Agricoltura e innovazione: successo per la partenza di “Orticoltura tecnica in campo” a Guidizzolo

GUIDIZZOLO – È partita con un ottimo riscontro di pubblico l’edizione 2026 di Orticoltura tecnica in campo, la rassegna internazionale dedicata alle tecnologie per l’orticoltura e i piccoli frutti in programma da oggi fino a giovedì presso la sede di Ferrari Growtech a Guidizzolo. L’evento è promosso da un gruppo di aziende leader del settore, tra cui la stessa Ferrari Growtech, Idromeccanica Lucchini, Gremizzi e Forigo Roter Italia, e richiama operatori specializzati da tutta Italia e dall’estero.

La manifestazione si distingue per una formula ormai consolidata: una tre giorni che consente di testare direttamente sul terreno, in condizioni reali di lavoro, le più recenti innovazioni dedicate alle coltivazioni orticole e dei piccoli frutti. Macchine, attrezzature e soluzioni tecnologiche non sono soltanto esposte, ma messe effettivamente in funzione davanti a orticoltori, agronomi e tecnici del settore.

A spiegare il valore e la filosofia dell’evento è Francesco Ferrari, titolare di Ferrari Growtech insieme al fratello Dario, l’azienda che ospita la rassegna. «Si tratta di un evento di filiera che coinvolge circa 50 aziende del settore dell’orticoltura, tutte realtà iper specializzate – sottolinea Ferrari –. L’obiettivo di questa manifestazione, che è unica a livello mondiale, è portare in campo tutte le attrezzature specifiche e mostrare agli operatori specializzati, che siano orticoltori, agronomi o tecnici, le ultime tecnologie disponibili».
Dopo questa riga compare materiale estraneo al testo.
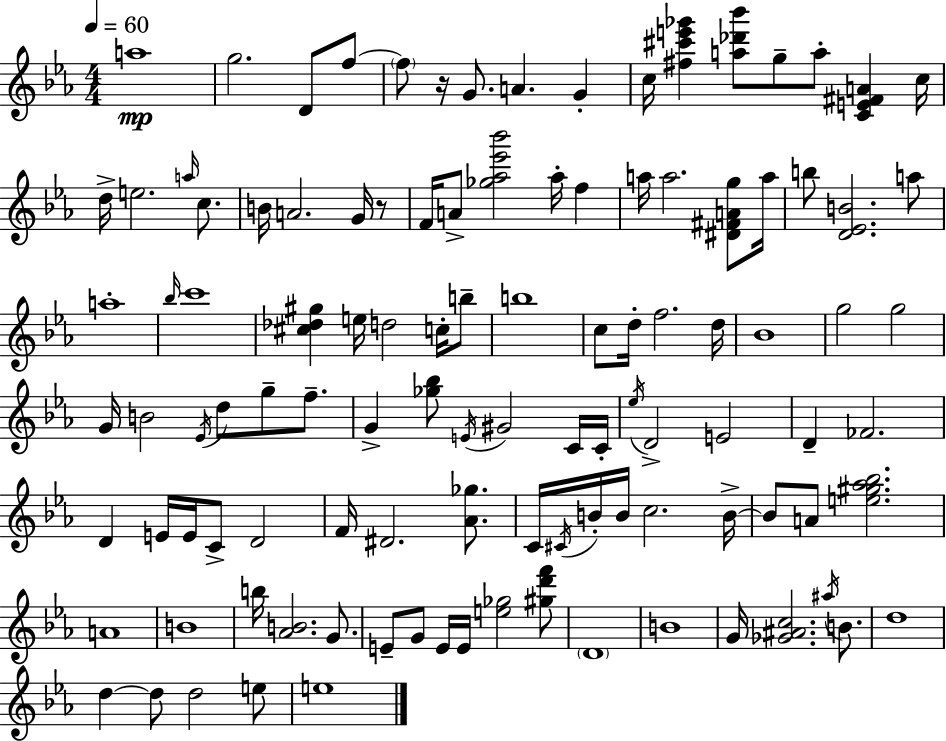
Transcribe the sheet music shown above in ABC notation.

X:1
T:Untitled
M:4/4
L:1/4
K:Eb
a4 g2 D/2 f/2 f/2 z/4 G/2 A G c/4 [^f^c'e'_g'] [a_d'_b']/2 g/2 a/2 [CE^FA] c/4 d/4 e2 a/4 c/2 B/4 A2 G/4 z/2 F/4 A/2 [_g_a_e'_b']2 _a/4 f a/4 a2 [^D^FAg]/2 a/4 b/2 [D_EB]2 a/2 a4 _b/4 c'4 [^c_d^g] e/4 d2 c/4 b/2 b4 c/2 d/4 f2 d/4 _B4 g2 g2 G/4 B2 _E/4 d/2 g/2 f/2 G [_g_b]/2 E/4 ^G2 C/4 C/4 _e/4 D2 E2 D _F2 D E/4 E/4 C/2 D2 F/4 ^D2 [_A_g]/2 C/4 ^C/4 B/4 B/4 c2 B/4 B/2 A/2 [e^g_a_b]2 A4 B4 b/4 [_AB]2 G/2 E/2 G/2 E/4 E/4 [e_g]2 [^gd'f']/2 D4 B4 G/4 [_G^Ac]2 ^a/4 B/2 d4 d d/2 d2 e/2 e4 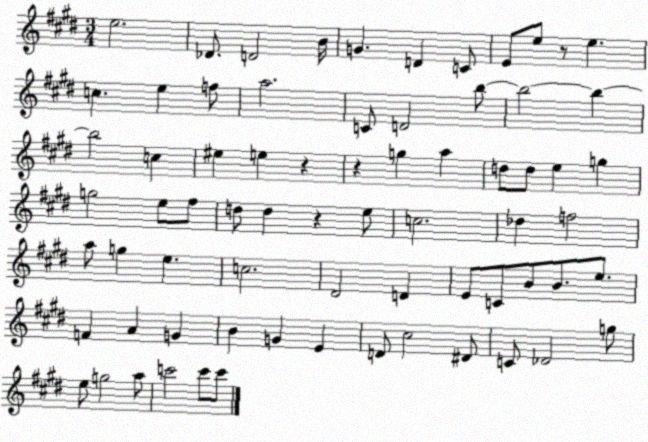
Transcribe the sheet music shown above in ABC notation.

X:1
T:Untitled
M:3/4
L:1/4
K:E
e2 _D/2 D2 B/4 G D C/2 E/2 e/2 z/2 e c e f/2 a2 C/2 D2 b/2 b2 b b2 c ^e e z z g a d/2 d/2 e g g2 e/2 ^f/2 d/2 d z e/2 c2 _d f2 a/2 g e c2 ^D2 D E/2 C/2 B/2 B/2 e/2 F A G B G E D/2 ^c2 ^D/2 C/2 _D2 g/2 e/2 g2 a/2 c'2 c'/2 c'/2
Il punto di forza di Orticoltura tecnica in campo è proprio il confronto diretto con le macchine all’opera. «Qui le macchine più innovative e all’avanguardia vengono messe realmente in campo e se ne possono vedere le prestazioni – prosegue Ferrari –. È qualcosa di profondamente diverso rispetto a un evento fieristico tradizionale, dove l’impostazione è statica: si spiegano le caratteristiche, ma non si vedono le attrezzature al lavoro. In questo caso, invece, il lavoro è sotto gli occhi di tutti. È questa la ricetta che rende l’evento particolarmente interessante».
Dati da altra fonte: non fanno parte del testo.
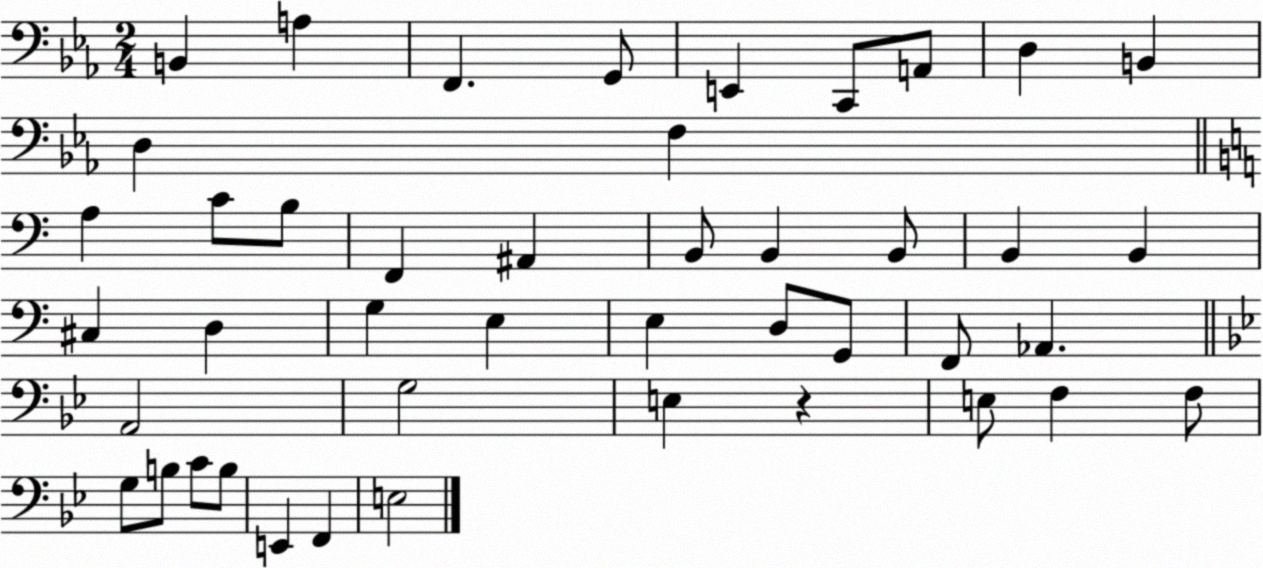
X:1
T:Untitled
M:2/4
L:1/4
K:Eb
B,, A, F,, G,,/2 E,, C,,/2 A,,/2 D, B,, D, F, A, C/2 B,/2 F,, ^A,, B,,/2 B,, B,,/2 B,, B,, ^C, D, G, E, E, D,/2 G,,/2 F,,/2 _A,, A,,2 G,2 E, z E,/2 F, F,/2 G,/2 B,/2 C/2 B,/2 E,, F,, E,2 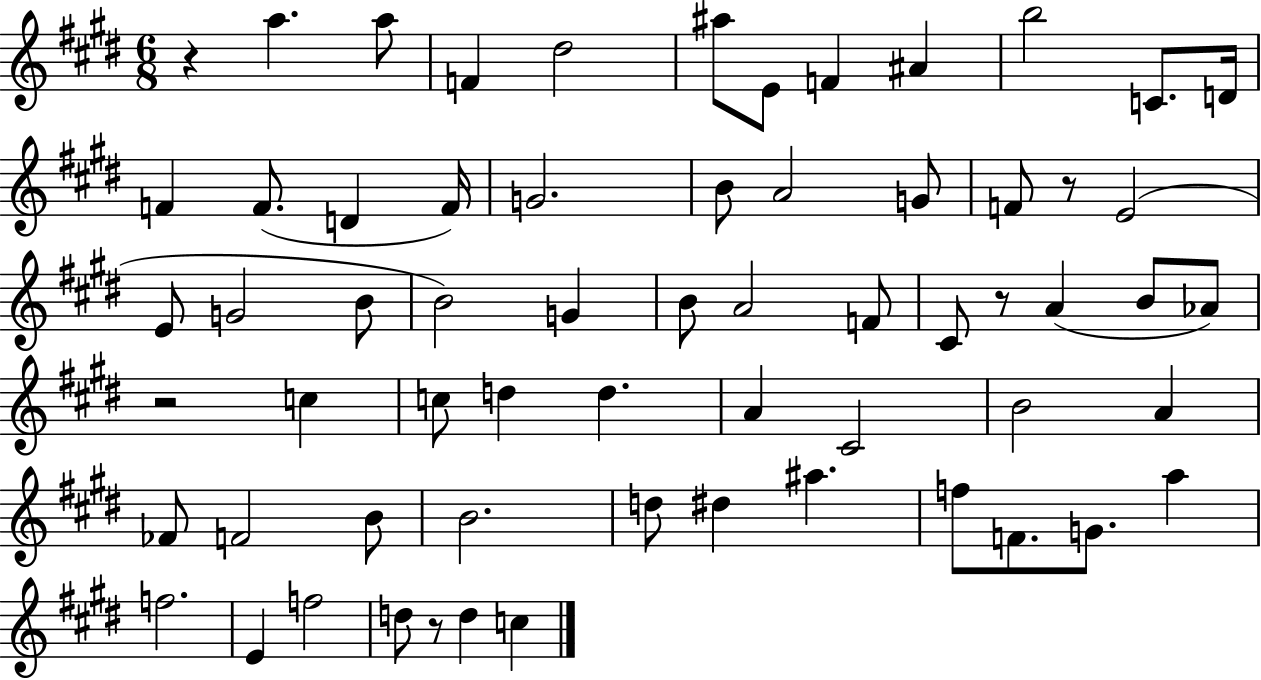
X:1
T:Untitled
M:6/8
L:1/4
K:E
z a a/2 F ^d2 ^a/2 E/2 F ^A b2 C/2 D/4 F F/2 D F/4 G2 B/2 A2 G/2 F/2 z/2 E2 E/2 G2 B/2 B2 G B/2 A2 F/2 ^C/2 z/2 A B/2 _A/2 z2 c c/2 d d A ^C2 B2 A _F/2 F2 B/2 B2 d/2 ^d ^a f/2 F/2 G/2 a f2 E f2 d/2 z/2 d c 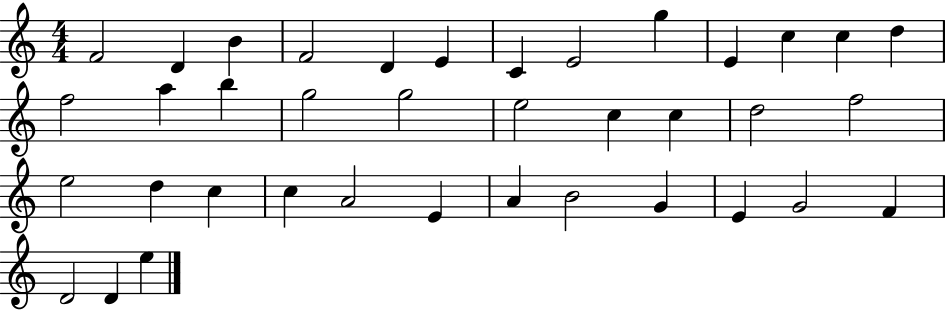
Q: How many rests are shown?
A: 0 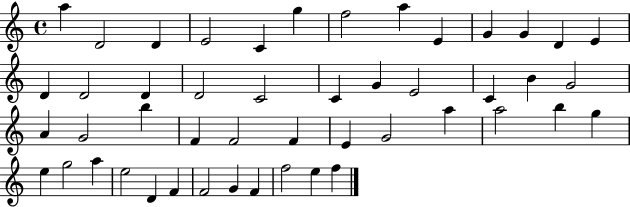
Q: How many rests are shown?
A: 0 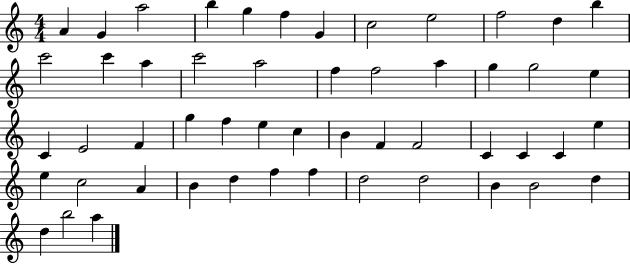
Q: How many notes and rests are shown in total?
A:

Accanto alla parte pratica, il programma prevede anche un ricco calendario di appuntamenti pomeridiani dedicati all’approfondimento. «Nel pomeriggio – spiega ancora Ferrari – c’è una serie di convegni su temi di grande attualità, durante i quali alcune aziende presentano le novità legate a fitofarmaci, biostimolanti, fertilizzanti. Si affrontano inoltre argomenti che riguardano l’ambiente e il benessere alimentare: il mangiare sano e le tecniche, sia agromeccaniche sia legate all’uso di biostimolanti e concimi, che consentono di sviluppare un cibo più sostenibile ed ecologico».
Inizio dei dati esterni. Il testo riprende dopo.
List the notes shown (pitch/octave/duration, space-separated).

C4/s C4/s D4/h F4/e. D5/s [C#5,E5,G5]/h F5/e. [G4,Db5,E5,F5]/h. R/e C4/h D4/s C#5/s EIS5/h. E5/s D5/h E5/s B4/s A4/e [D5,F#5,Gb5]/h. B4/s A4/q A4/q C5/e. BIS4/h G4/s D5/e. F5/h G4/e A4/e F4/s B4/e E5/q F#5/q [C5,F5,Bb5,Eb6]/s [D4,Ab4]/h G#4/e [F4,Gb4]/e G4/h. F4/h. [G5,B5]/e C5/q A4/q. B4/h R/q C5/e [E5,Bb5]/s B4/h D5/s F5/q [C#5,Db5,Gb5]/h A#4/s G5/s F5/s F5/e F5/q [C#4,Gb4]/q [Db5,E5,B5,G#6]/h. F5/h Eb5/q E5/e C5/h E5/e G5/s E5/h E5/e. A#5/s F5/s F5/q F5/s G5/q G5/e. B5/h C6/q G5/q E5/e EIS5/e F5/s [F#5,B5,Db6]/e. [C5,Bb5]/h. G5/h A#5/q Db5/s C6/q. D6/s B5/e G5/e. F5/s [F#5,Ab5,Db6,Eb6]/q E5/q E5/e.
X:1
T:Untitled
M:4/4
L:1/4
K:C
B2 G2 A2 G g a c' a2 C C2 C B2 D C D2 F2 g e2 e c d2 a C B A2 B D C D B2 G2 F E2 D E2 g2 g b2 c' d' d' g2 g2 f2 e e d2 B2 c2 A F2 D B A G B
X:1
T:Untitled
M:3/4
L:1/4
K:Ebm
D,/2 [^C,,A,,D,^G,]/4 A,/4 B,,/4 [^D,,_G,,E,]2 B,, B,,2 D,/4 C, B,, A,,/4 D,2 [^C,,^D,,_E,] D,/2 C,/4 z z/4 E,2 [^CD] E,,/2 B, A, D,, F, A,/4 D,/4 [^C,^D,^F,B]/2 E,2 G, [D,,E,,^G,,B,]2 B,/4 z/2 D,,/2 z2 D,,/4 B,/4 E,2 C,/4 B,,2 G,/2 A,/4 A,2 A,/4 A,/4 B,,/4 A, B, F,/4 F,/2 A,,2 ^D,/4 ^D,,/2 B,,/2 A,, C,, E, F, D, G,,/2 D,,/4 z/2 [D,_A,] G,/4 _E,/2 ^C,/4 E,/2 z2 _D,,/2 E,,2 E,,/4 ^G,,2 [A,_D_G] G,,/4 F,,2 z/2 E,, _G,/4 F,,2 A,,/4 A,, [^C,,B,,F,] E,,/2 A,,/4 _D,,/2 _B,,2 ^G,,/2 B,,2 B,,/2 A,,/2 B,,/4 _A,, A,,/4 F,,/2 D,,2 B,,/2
La struttura dell’evento è pensata per essere dinamica e concreta: prima la dimostrazione pratica in campo, poi l’approfondimento teorico attraverso i seminari. «Sono giornate intense e vivaci – evidenzia Ferrari –. Tutti i seminari sono agili e dinamici, della durata di circa 20 minuti, e vanno dritti alla sostanza delle cose».

Tra i temi centrali emerge con forza il concetto di agri-intelligence, ovvero l’integrazione tra dati, automazione, competenze e innovazione agronomica per migliorare l’efficienza del lavoro agricolo. «C’è ancora chi pensa che l’agricoltura non sia un settore altamente tecnologizzato, ma non è così – rimarca Ferrari –. Oggi l’agricoltura ha raggiunto un livello tecnologico molto elevato: basta salire sulle macchine di ultima generazione per rendersene conto, con l’implementazione di sensori specifici e dell’intelligenza artificiale che governa molte automazioni».

Un’evoluzione che avvicina sempre più il settore primario agli standard dell’industria. «La tecnologia in agricoltura è ormai avanzata quanto quella industriale – conclude Ferrari –. Il Primario dispone oggi di strumenti che lo rendono ampiamente competitivo».